LLVM has been designed with two primary goals in mind.  First we strive to 
enable the best possible division of labor between static and dynamic 
compilers, and second, we need a flexible and powerful interface 
between these two complementary stages of compilation.  We feel that 
providing a solution to these two goals will yield an excellent solution 
to the performance problem faced by modern architectures and programming 

A key insight into current compiler and runtime systems is that a 
compiler may fall in anywhere in a "continuum of compilation" to do its 
job.  On one side, scripting languages statically compile nothing and 
dynamically compile (or equivalently, interpret) everything.  On the far 
other side, traditional static compilers process everything statically and 
nothing dynamically.  These approaches have typically been seen as a 
tradeoff between performance and portability.  On a deeper level, however, 
there are two reasons that optimal system performance may be obtained by a
system somewhere in between these two extremes: Dynamic application 
behavior and social constraints.

From a technical perspective, pure static compilation cannot ever give 
optimal performance in all cases, because applications have varying dynamic
behavior that the static compiler cannot take into consideration.  Even 
compilers that support profile guided optimization generate poor code in 
the real world, because using such optimization tunes that application 
to one particular usage pattern, whereas real programs (as opposed to 
benchmarks) often have several different usage patterns.

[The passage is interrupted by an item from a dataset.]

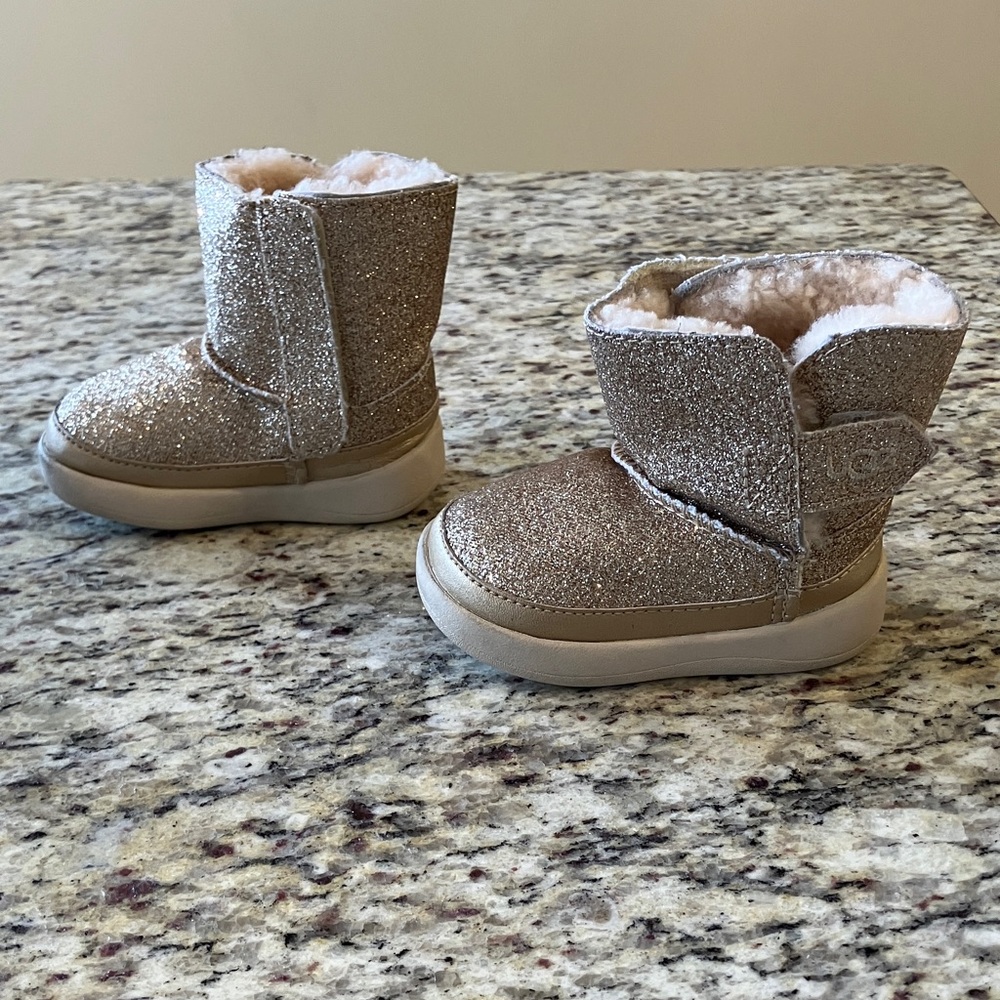 UGG Toddler Girls Gold Glitter Boots Size 2 Shearling Lined Velcro Closure - Picture 4 of 8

On a social level, static compilation is a very shortsighted solution to 
the performance problem.  Instruction set architectures (ISAs) continuously 
evolve, and each implementation of an ISA (a processor) must choose a set 
of tradeoffs that make sense in the market context that it is designed for.  
With every new processor introduced, the vendor faces two fundamental 
problems: First, there is a lag time between when a processor is introduced 
to when compilers generate quality code for the architecture.  Secondly, 
even when compilers catch up to the new architecture there is often a large 
body of legacy code that was compiled for previous generations and will 
not or can not be upgraded.  Thus a large percentage of code running on a 
processor may be compiled quite sub-optimally for the current 
characteristics of the dynamic execution environment.

For these reasons, LLVM has been designed from the beginning as a long-term 
solution to these problems.  Its design allows the large body of platform 
independent, static, program optimizations currently in compilers to be 
reused unchanged in their current form.  It also provides important static 
type information to enable powerful dynamic and link time optimizations 
to be performed quickly and efficiently.  This combination enables an 
increase in effective system performance for real world environments.